__EXERCISE INPUTS__:
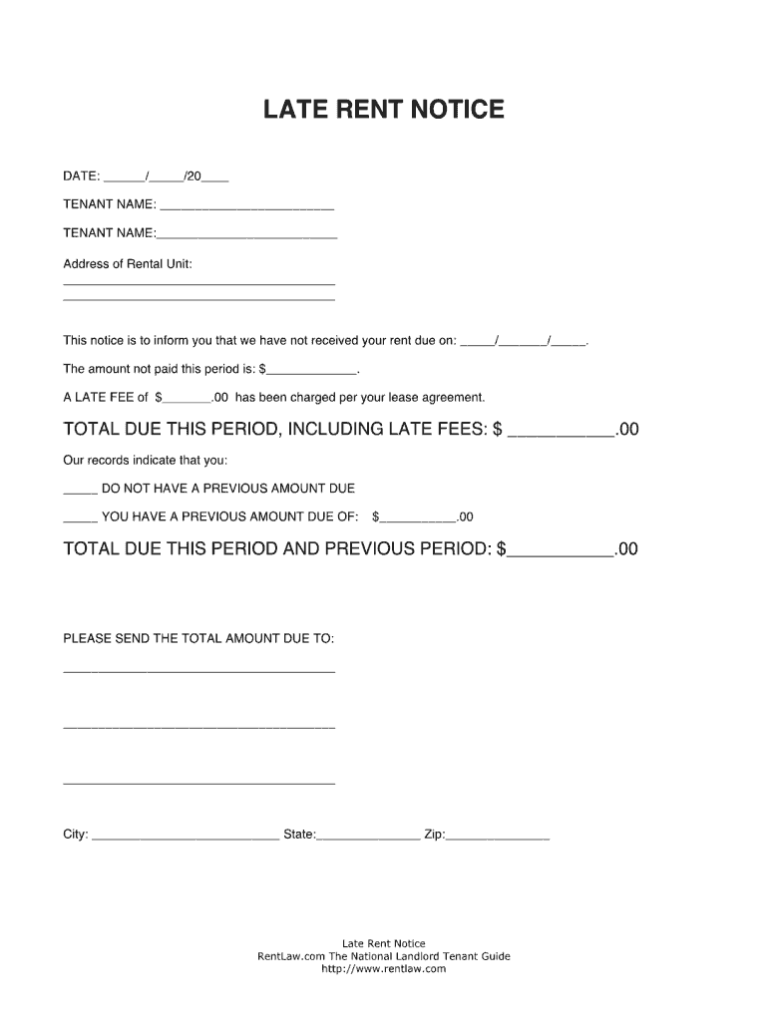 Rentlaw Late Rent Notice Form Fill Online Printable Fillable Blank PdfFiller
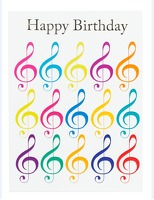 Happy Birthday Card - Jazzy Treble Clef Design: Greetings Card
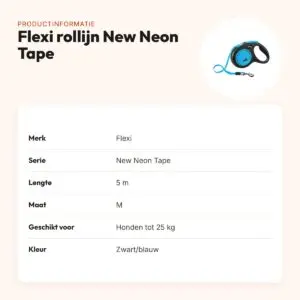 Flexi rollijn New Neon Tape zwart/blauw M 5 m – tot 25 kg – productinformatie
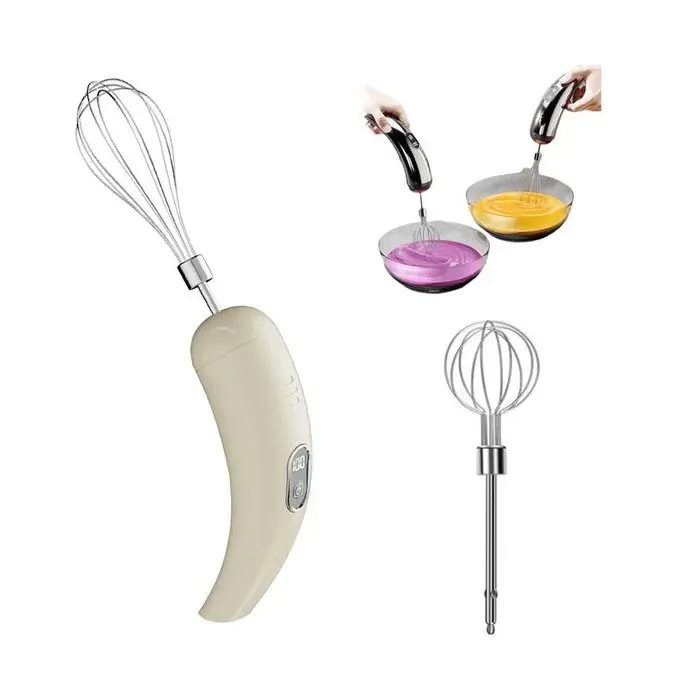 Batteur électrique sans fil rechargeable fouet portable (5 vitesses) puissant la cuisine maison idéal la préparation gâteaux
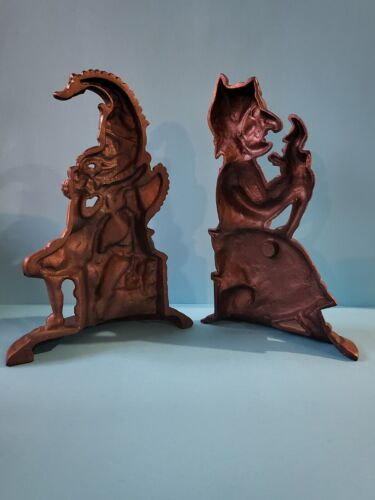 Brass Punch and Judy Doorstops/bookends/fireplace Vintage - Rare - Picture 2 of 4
---
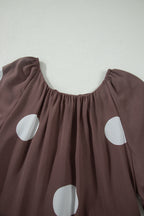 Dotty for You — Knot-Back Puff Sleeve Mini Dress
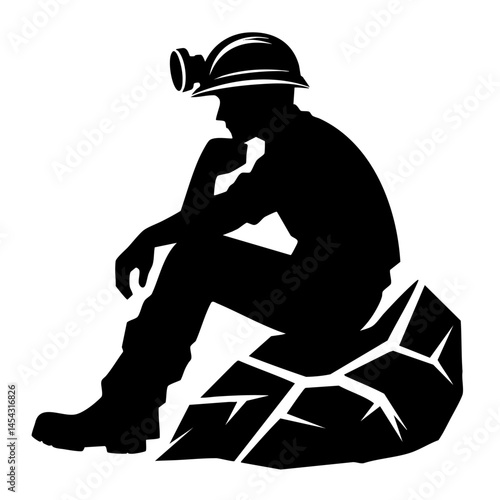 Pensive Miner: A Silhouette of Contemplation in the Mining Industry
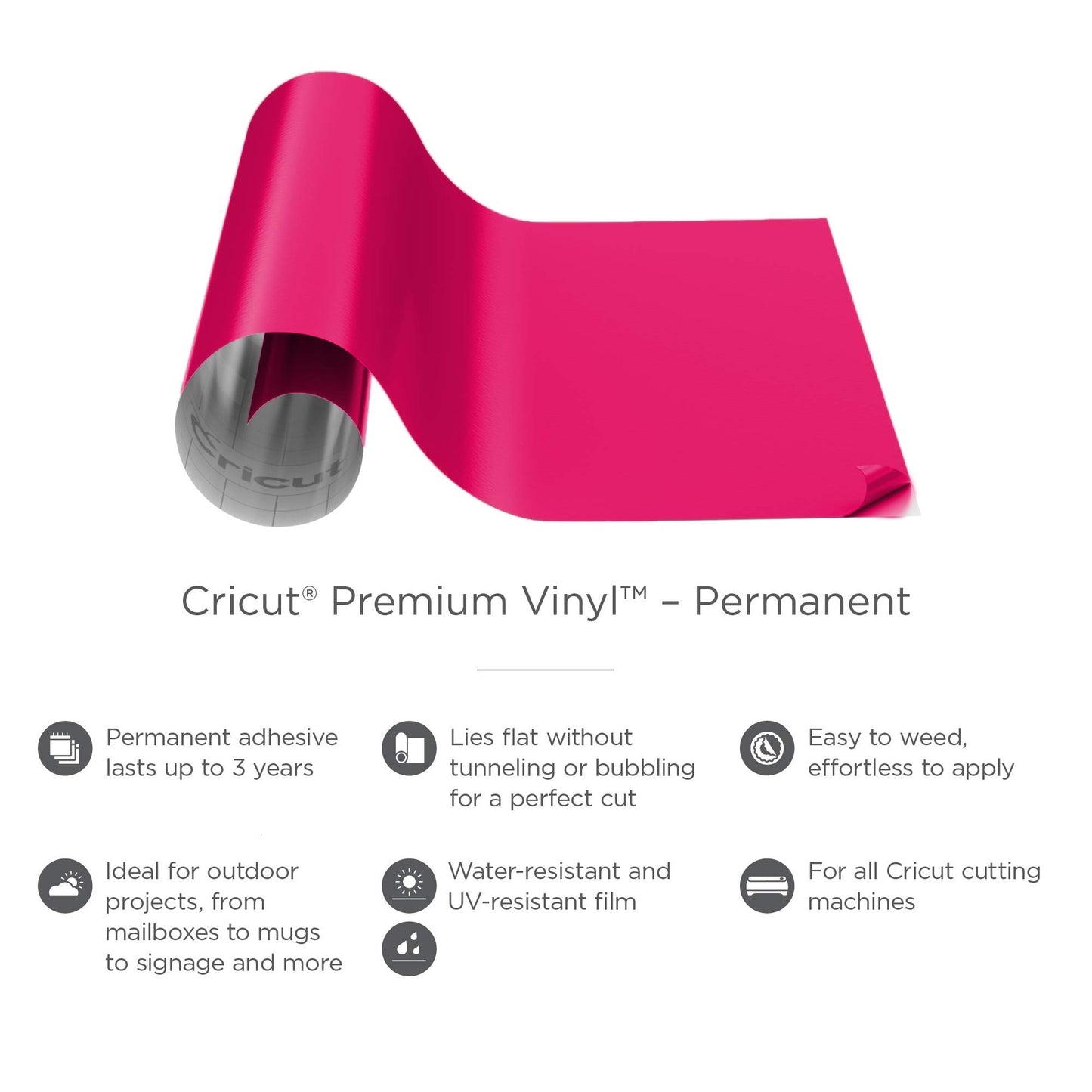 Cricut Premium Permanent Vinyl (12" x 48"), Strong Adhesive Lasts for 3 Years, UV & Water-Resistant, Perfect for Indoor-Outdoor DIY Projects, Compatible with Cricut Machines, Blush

__TASK DETAILS__: Transcribe only the lines above that start at the line containing "Rentlaw Late Rent" and end at the line containing "Batteur électrique sans". Omit pictures.

__WRITTEN ANSWER__:
 Rentlaw Late Rent Notice Form Fill Online Printable Fillable Blank PdfFiller
 Happy Birthday Card - Jazzy Treble Clef Design: Greetings Card
 Flexi rollijn New Neon Tape zwart/blauw M 5 m – tot 25 kg – productinformatie
 Batteur électrique sans fil rechargeable fouet portable (5 vitesses) puissant la cuisine maison idéal la préparation gâteaux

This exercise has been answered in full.